Another reaction, at thefutureofpublishing.com, examines Amazon's share of the ebook market and the large percentage of ebooks that are only available for the Kindle. Thad McIlroy checked a representative large public library for the top 13 Amazon best-selling ebook titles and found that only 2 of them were available in any format, and none of them were available as ebooks. (McIlroy criticizes Overdrive, but the publishers probably play a role here as well.) To read these best-sellers, you have to buy them; and to read them as ebooks you have to buy them from Amazon on a Kindle.
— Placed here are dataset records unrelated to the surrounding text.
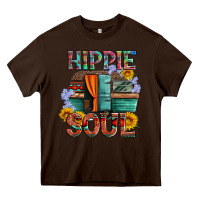 Chocolate Brown hippie soul with caravan and flowers Heavy Core Tee - Artiststas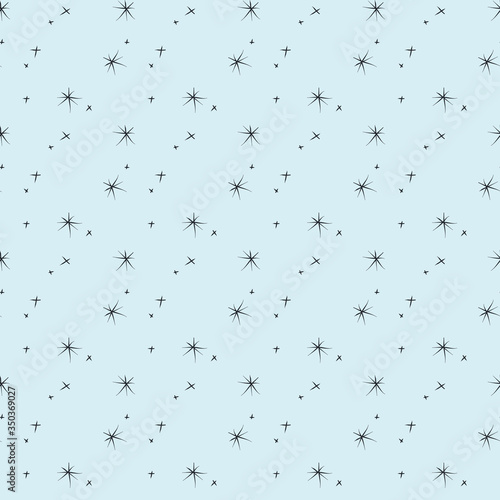 Blue seamless pattern background. Beautiful continuous illustration  star  snowflake. Hand drawn art modern
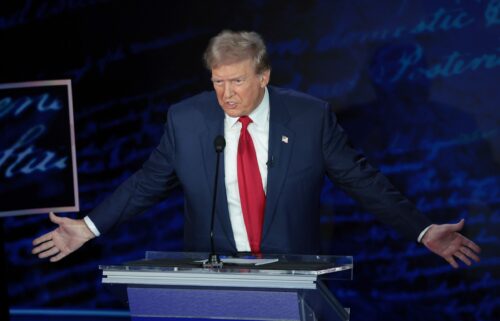 Former President Donald Trump speaks during the debate at the National Constitution Center in Philadelphia on Tuesday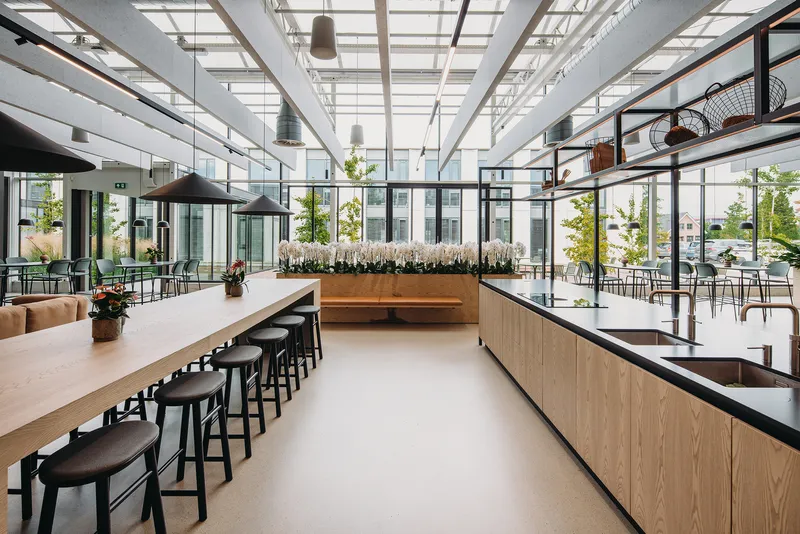 Dining hall with timber skylight grid, long counters and greenery under natural daylight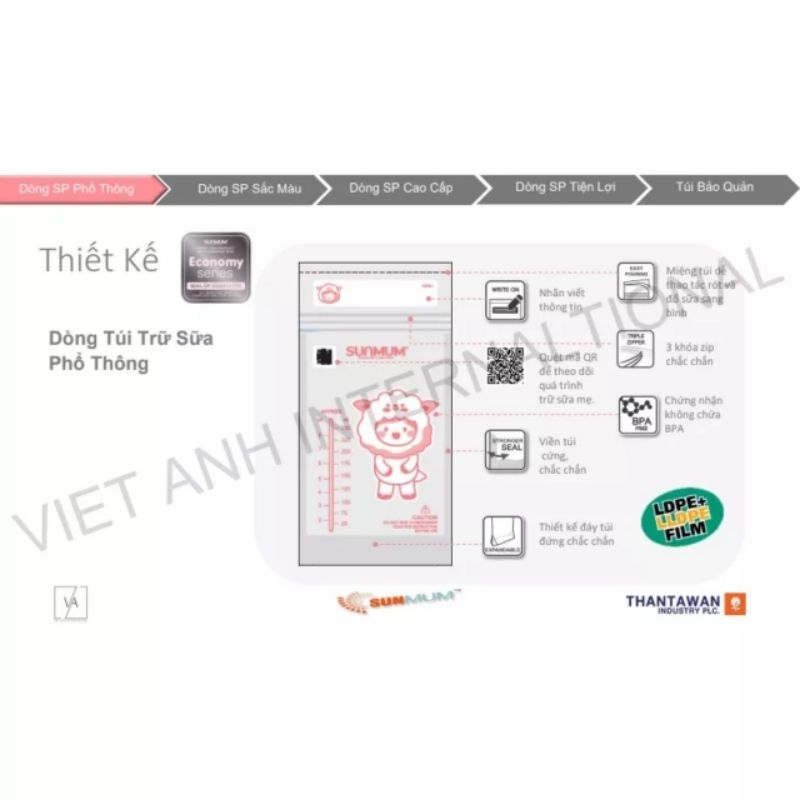 Hộp 50 Túi Trữ Sữa Sunmum 100ml, 150ml,  250ml Thái Lan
I'd like to bring out another point that hasn't been mentioned often: when people purchase print books, they share them with friends and family members, but when they purchase ebooks, friends and family members are more likely to have to purchase separate copies for themselves. This happened in my own household last week. I discovered that my husband had purchased the Hunger Games books for the Kindle app on his iPad. I had been waiting for those books to be available from the library. If he had bought them in print I could have easily borrowed his copies, but borrowing his iPad strikes me the same as borrowing a toothbrush; it's a personal device. I'm still debating whether to break down and buy the series in another format.